Jusqu'ici, les optométristes, qui ont un niveau d'études plus élevé que les opticiens, avaient pour principal rôle la pratique de la réfraction. Outre-Manche, les ophtalmologistes se consacrent essentiellement aux traitements des maladies oculaires et à la chirurgie, tandis que les opticiens ne peuvent que délivrer les équipements prescrits.
Ces derniers attendent de leur côté, dans le cadre de ces délégations de tâches, le droit de pratiquer à leur tour les examens de vue, comme c'est aujourd'hui le cas en France.
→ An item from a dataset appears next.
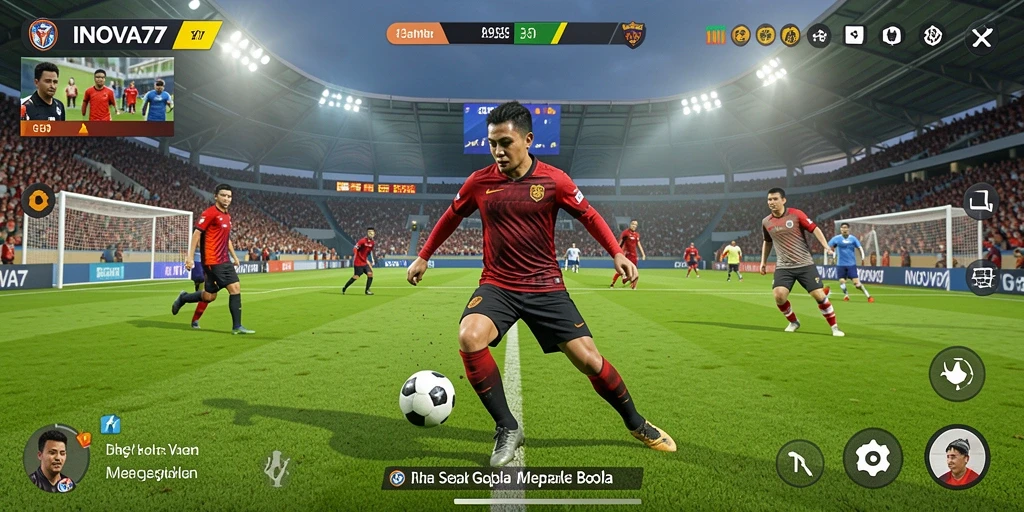 Menampakkan aksi seru dalam permainan sepak bola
Cette possibilité, préconisée par le rapport de l'économiste Nick Bosanquet, expert des questions de santé, est étudiée de près par les autorités britanniques.

Notons que l'extension de compétence des optométristes intervient une semaine après que la population et de nombreux médecins se soient élevés contre la possibilité pour les infirmiers et infirmières de prescrire des médicaments de manière indépendante. S'ils peuvent le faire sous la surveillance d'un praticien, leurs connaissances ont été jugées trop faibles pour un droit de prescription autonome.